Numeric. Minimum relative frequency threshold for categories to be considered "heavy hitters". Categories below this proportion will be grouped together. Value must be between 0 and 1. Default is 0.05 (5%).

max_n_prebins

Integer. Maximum number of initial bins created during pre-binning phase. Controls early-stage complexity. Default is 20.

bin_separator

Character string used to separate category names when multiple categories are merged into a single bin. Default is "%;%".

convergence_threshold

Numeric. Threshold for determining algorithm convergence based on changes in total Information Value. Default is 1e-6.

max_iterations

Integer. Maximum number of iterations for the optimization process. Default is 1000.

sketch_width

Integer. Width of the Count-Min Sketch (number of counters per hash function). Larger values reduce estimation error but increase memory usage. Must be >= 100. Default is 2000.

sketch_depth

Integer. Depth of the Count-Min Sketch (number of hash functions). Larger values reduce collision probability but increase computational overhead. Must be >= 3. Default is 5.

Value

A list containing the results of the optimal binning procedure:

id

Numeric vector of bin identifiers (1 to n_bins)

bin

Character vector of bin labels, which are combinations of original categories separated by bin_separator

woe

Numeric vector of Weight of Evidence values for each bin

iv

Numeric vector of Information Values for each bin

count

Integer vector of total observations in each bin

count_pos

Integer vector of positive outcomes in each bin

count_neg

Integer vector of negative outcomes in each bin

event_rate

Numeric vector of the observed event rate in each bin

total_iv

Numeric scalar. Total Information Value across all bins

converged

Logical. Whether the algorithm converged

iterations

Integer. Number of iterations performed

Details

The Sketch-based algorithm follows these steps:

  1. Frequency Estimation: Uses Count-Min Sketch to approximate the frequency of each category in a single data pass.
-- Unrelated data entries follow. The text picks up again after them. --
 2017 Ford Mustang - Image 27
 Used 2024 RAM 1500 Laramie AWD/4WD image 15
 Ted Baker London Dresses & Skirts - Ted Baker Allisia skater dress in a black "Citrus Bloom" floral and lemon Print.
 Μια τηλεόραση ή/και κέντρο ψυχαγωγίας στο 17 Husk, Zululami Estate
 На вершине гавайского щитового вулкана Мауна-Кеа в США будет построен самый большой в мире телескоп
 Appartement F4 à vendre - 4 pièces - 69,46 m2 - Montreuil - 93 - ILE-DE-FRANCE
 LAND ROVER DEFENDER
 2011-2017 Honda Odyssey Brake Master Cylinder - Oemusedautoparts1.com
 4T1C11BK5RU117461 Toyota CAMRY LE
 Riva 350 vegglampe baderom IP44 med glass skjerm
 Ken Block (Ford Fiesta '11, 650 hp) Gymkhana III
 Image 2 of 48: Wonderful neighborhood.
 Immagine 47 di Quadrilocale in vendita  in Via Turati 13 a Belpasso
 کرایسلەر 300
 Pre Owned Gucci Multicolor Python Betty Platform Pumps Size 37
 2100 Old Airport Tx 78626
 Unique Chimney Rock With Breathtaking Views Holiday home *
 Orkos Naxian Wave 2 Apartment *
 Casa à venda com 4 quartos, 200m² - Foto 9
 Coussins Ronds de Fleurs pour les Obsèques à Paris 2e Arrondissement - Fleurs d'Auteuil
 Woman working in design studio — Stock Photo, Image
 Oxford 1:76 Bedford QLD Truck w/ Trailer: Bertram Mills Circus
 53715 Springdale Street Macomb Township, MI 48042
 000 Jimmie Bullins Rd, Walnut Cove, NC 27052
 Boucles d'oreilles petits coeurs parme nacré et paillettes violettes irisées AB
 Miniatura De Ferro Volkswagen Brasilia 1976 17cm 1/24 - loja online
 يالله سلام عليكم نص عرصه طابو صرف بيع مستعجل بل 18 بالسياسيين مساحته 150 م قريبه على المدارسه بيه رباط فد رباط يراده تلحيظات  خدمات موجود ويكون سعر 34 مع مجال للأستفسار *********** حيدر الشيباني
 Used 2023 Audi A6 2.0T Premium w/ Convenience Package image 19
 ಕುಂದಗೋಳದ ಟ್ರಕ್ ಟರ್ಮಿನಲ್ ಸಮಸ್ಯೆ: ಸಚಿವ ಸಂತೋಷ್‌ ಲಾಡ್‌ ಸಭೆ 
  2. Heavy Hitter Detection: Identifies frequently occurring categories (above a threshold defined by bin_cutoff) using sketch estimates.

  3. Pre-binning: Creates initial bins from detected heavy categories, grouping rare categories separately.

  4. Optimization: Applies iterative merging based on statistical divergence measures to optimize Information Value (IV) while respecting bin count constraints (min_bins, max_bins).

  5. Monotonicity Enforcement: Ensures the final binning has monotonic Weight of Evidence (WoE).

Key advantages of this approach:

  • Memory Efficiency: Uses sub-linear space complexity, independent of dataset size.

  • Speed: Single-pass algorithm with constant-time updates.

  • Scalability: Suitable for streaming data or datasets too large to fit in memory.

  • Approximation: Trades perfect accuracy for significant gains in speed and memory usage.

Mathematical concepts:

The Count-Min Sketch uses multiple hash functions to map items to counters: $$CMS[i][h_i(x)] += 1 \quad \forall i \in \{1,\ldots,d\}$$ where \(d\) is the sketch depth and \(w\) is the sketch width.

Frequency estimates are obtained by taking the minimum across all counters: $$\hat{f}(x) = \min_{i} CMS[i][h_i(x)]$$

Statistical divergence between bins is measured using Jensen-Shannon divergence: $$JSD(P||Q) = \frac{1}{2} \left[ KL(P||M) + KL(Q||M) \right]$$ where \(M = \frac{1}{2}(P+Q)\) and \(KL\) is the Kullback-Leibler divergence.

Laplace smoothing is applied to WoE and IV calculations: $$p_{smoothed} = \frac{count + \alpha}{total + 2\alpha}$$

Note

  • Target variable must contain both 0 and 1 values.

  • Due to the probabilistic nature of sketches, results may vary slightly between runs. For deterministic results, consider setting fixed random seeds in the underlying C++ code.

  • Accuracy of frequency estimates depends on sketch_width and sketch_depth. Increase these parameters for higher precision at the cost of memory/computation.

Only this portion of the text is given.